Microsoft HoloLens, known under development as Project Baraboo,[3] is a pair of mixed reality smartglasses developed and manufactured by Microsoft. HoloLens was one of the first computers running the Windows Mixed Reality platform under the Windows 10 operating system. The HoloLens can trace its lineage to Kinect, an add-on for Microsoft's Xbox gaming console that was introduced in 2010.[4]

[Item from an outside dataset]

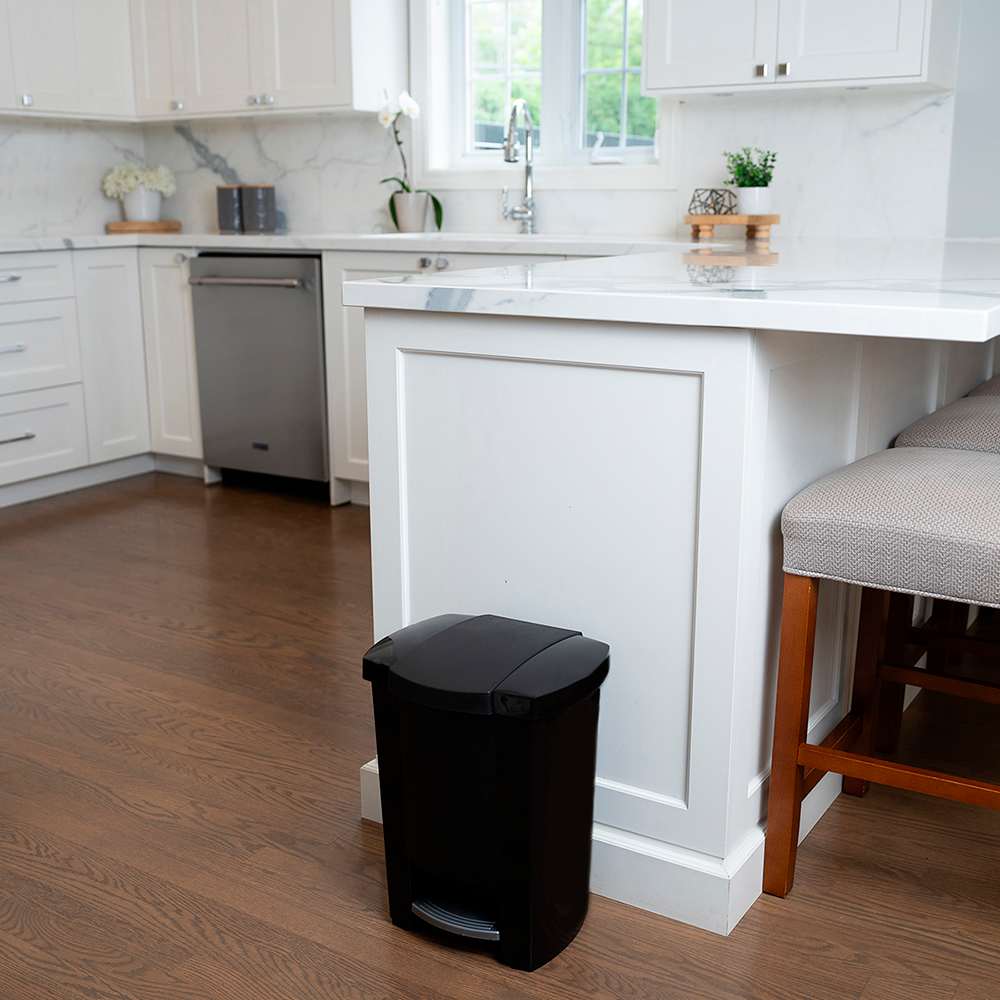 Poubelle à pédale noire 19 L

The pre-production version of HoloLens, the Development Edition, shipped on March 30, 2016, and is targeted to developers in the United States and Canada for a list price of $3000.[5][6]Samsung and Asus have extended an offer to Microsoft to help produce their own mixed-reality products, in collaboration with Microsoft, based around the concept and hardware on HoloLens.[7][8] On October 12, 2016, Microsoft announced global expansion of HoloLens and publicized that HoloLens would be available for preorder in Australia, Ireland, France, Germany, New Zealand and the United Kingdom.[9] There is also a Commercial Suite (similar to a pro edition of Windows), with enterprise features, such as bitlocker security. As of May 2017, The Suite sells for $5,000.[10][11] Microsoft has decided to rent the Hololens without clients making the full investment. Microsoft partner with a company called Abcomrents to give the service of Hololens rental.[12]

Design

The HoloLens is a head-mounted display unit connected to an adjustable, cushioned inner headband, which can tilt HoloLens up and down, as well as forward and backward.[13] To wear the unit, the user fits the HoloLens on their head, using an adjustment wheel at the back of the headband to secure it around the crown, supporting and distributing the weight of the unit equally for comfort,[14] before tilting the visor towards the front of the eyes.[13]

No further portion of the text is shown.